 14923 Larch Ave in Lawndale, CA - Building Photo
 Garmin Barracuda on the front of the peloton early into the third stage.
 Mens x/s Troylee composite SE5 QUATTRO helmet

******

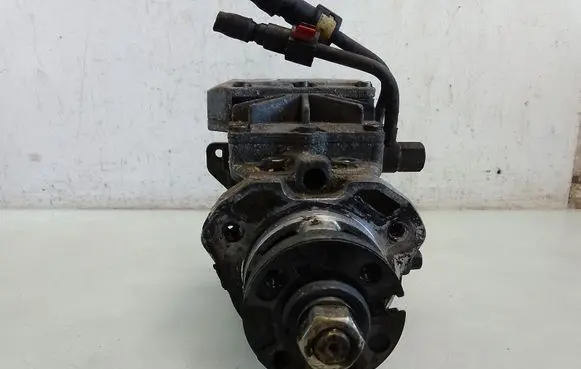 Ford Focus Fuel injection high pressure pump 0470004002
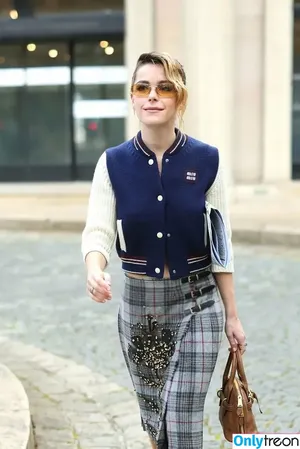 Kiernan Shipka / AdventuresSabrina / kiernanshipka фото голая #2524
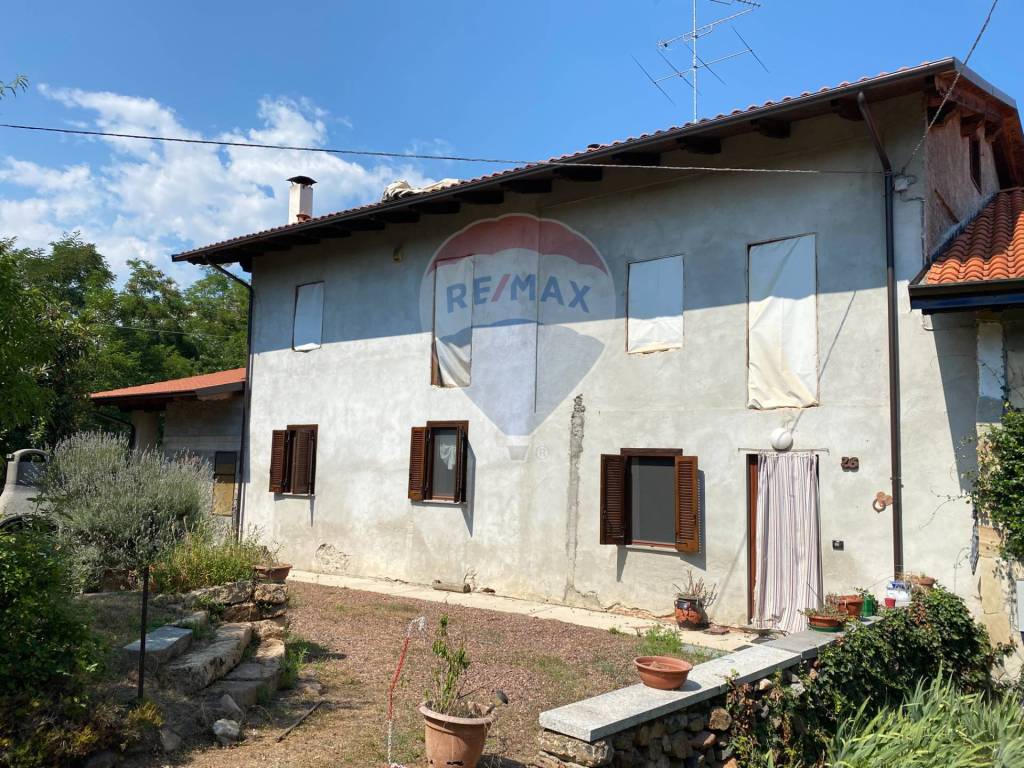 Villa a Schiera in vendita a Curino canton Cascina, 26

******

A word-for-word copy of the lines above from the one with "14923 Larch Ave" through the one with "Mens x/s Troylee", inclusive, is the only output wanted.

 14923 Larch Ave in Lawndale, CA - Building Photo
 Garmin Barracuda on the front of the peloton early into the third stage.
 Mens x/s Troylee composite SE5 QUATTRO helmet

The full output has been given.